>>
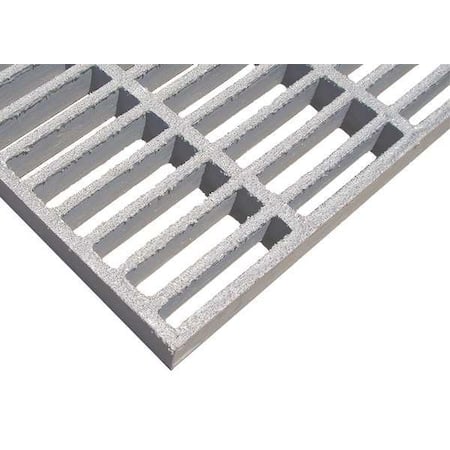 Fiberglass Molded Grating, 48 in Span, Grit-Top Surface, Light Gray MPN:268305.02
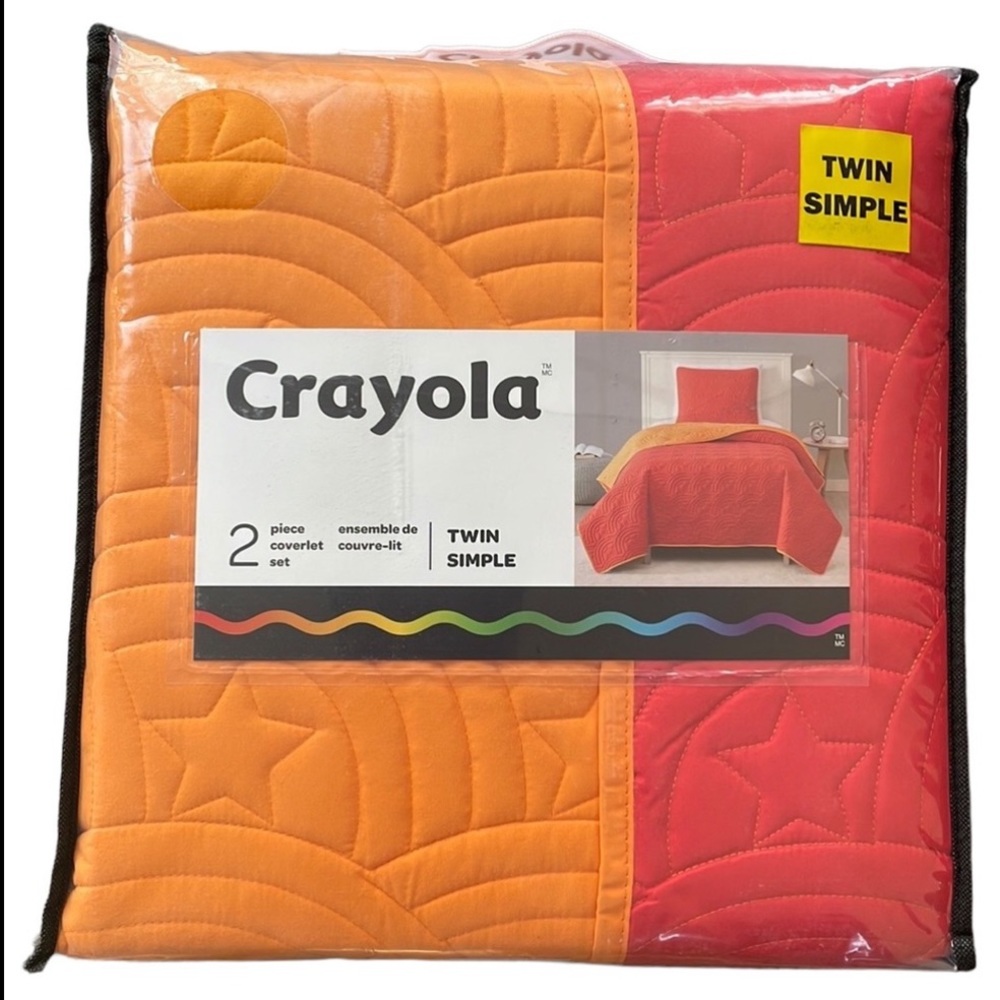 Crayola | 2-piece Reversible Twin Coverlet Set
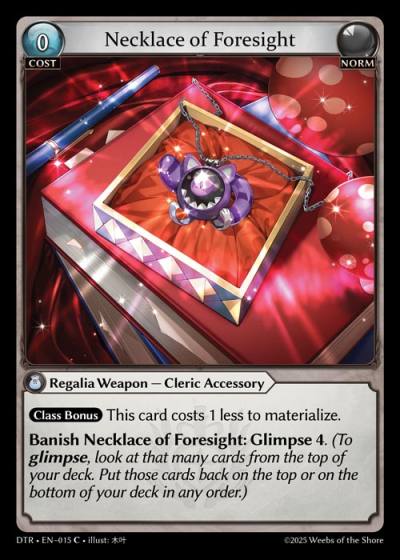 Necklace of Foresight DTR-EN-015-Foil-Common (C) - Distorted Reflections - Grand Archive Card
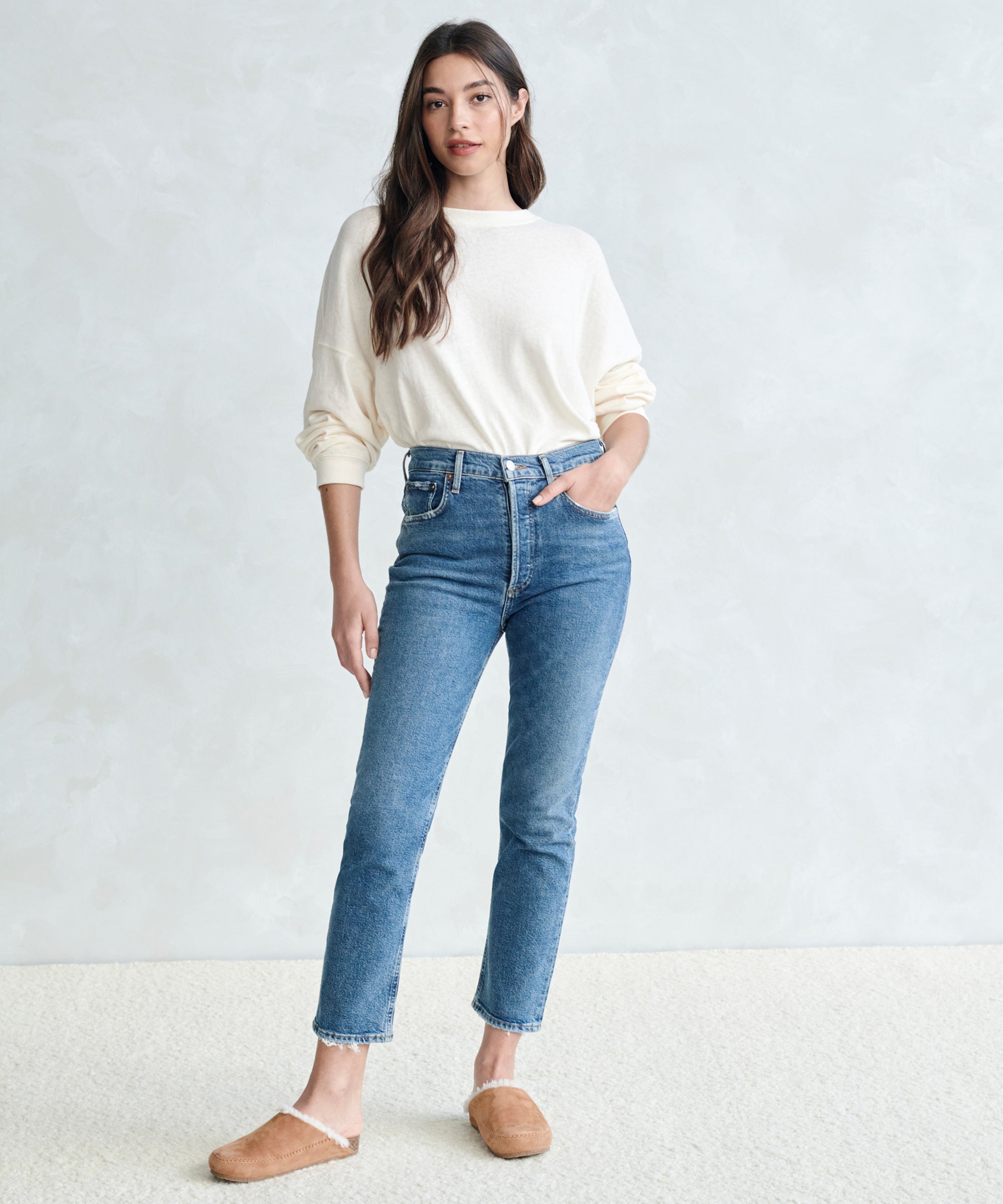 TRF STOVE PIPE JEANS WITH A HIGH WAIST  Moda fashion, Ankle length jeans,  Cute outfits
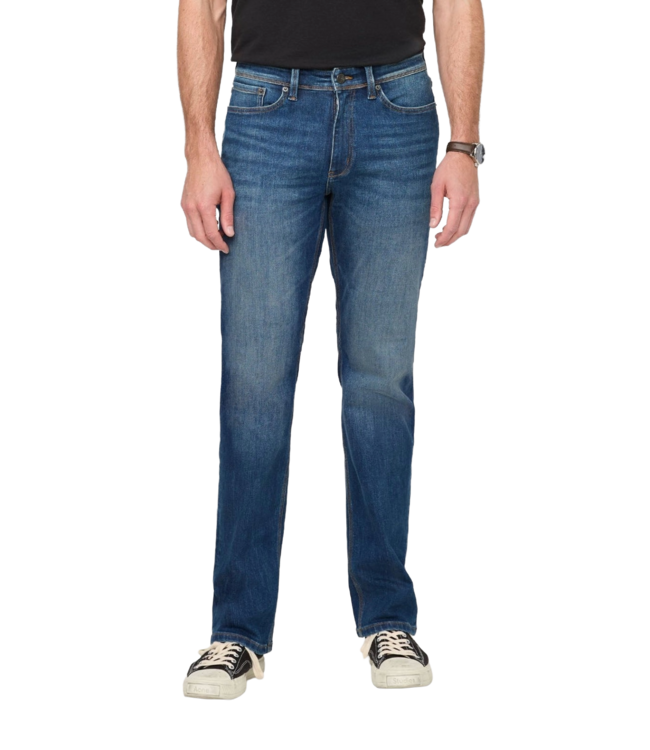 DUER MENS PERF STRAIGHT DENIM PANTS DUSTBOWL BLUE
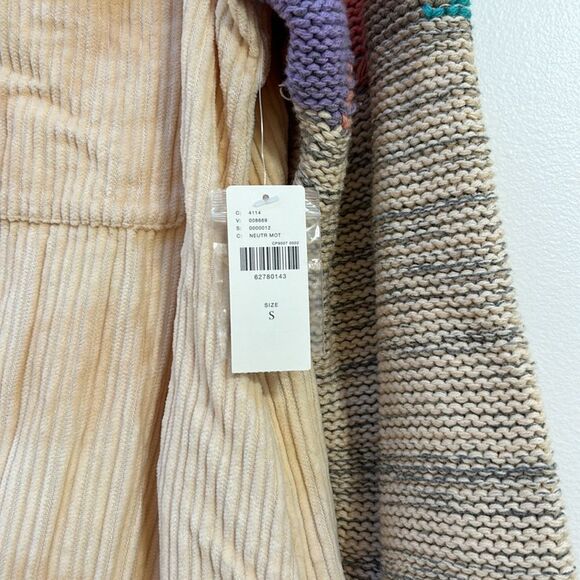 Anthropologie Pilcro Easy Going Corduroy Shirt Jacket CREAM Size Small NWT - Picture 6 of 10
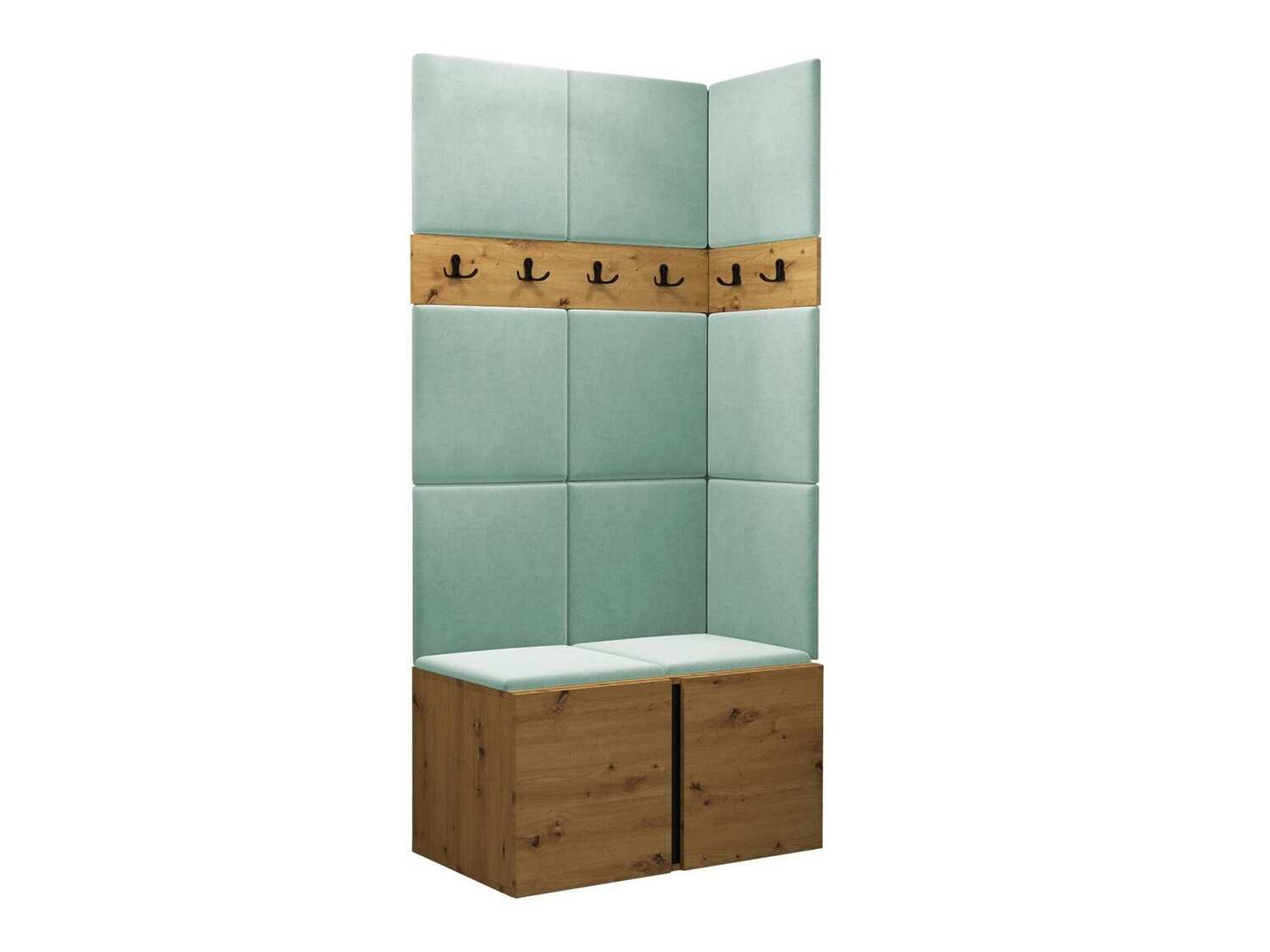 Conjunto para recibidor Hartford 264 (Roble Artisan)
<<
Please set down each line of the listing above word for word, skipping any pictures.

Solution to the problem:
 Fiberglass Molded Grating, 48 in Span, Grit-Top Surface, Light Gray MPN:268305.02
 Crayola | 2-piece Reversible Twin Coverlet Set
 Necklace of Foresight DTR-EN-015-Foil-Common (C) - Distorted Reflections - Grand Archive Card
 TRF STOVE PIPE JEANS WITH A HIGH WAIST  Moda fashion, Ankle length jeans,  Cute outfits
 DUER MENS PERF STRAIGHT DENIM PANTS DUSTBOWL BLUE
 Anthropologie Pilcro Easy Going Corduroy Shirt Jacket CREAM Size Small NWT - Picture 6 of 10
 Conjunto para recibidor Hartford 264 (Roble Artisan)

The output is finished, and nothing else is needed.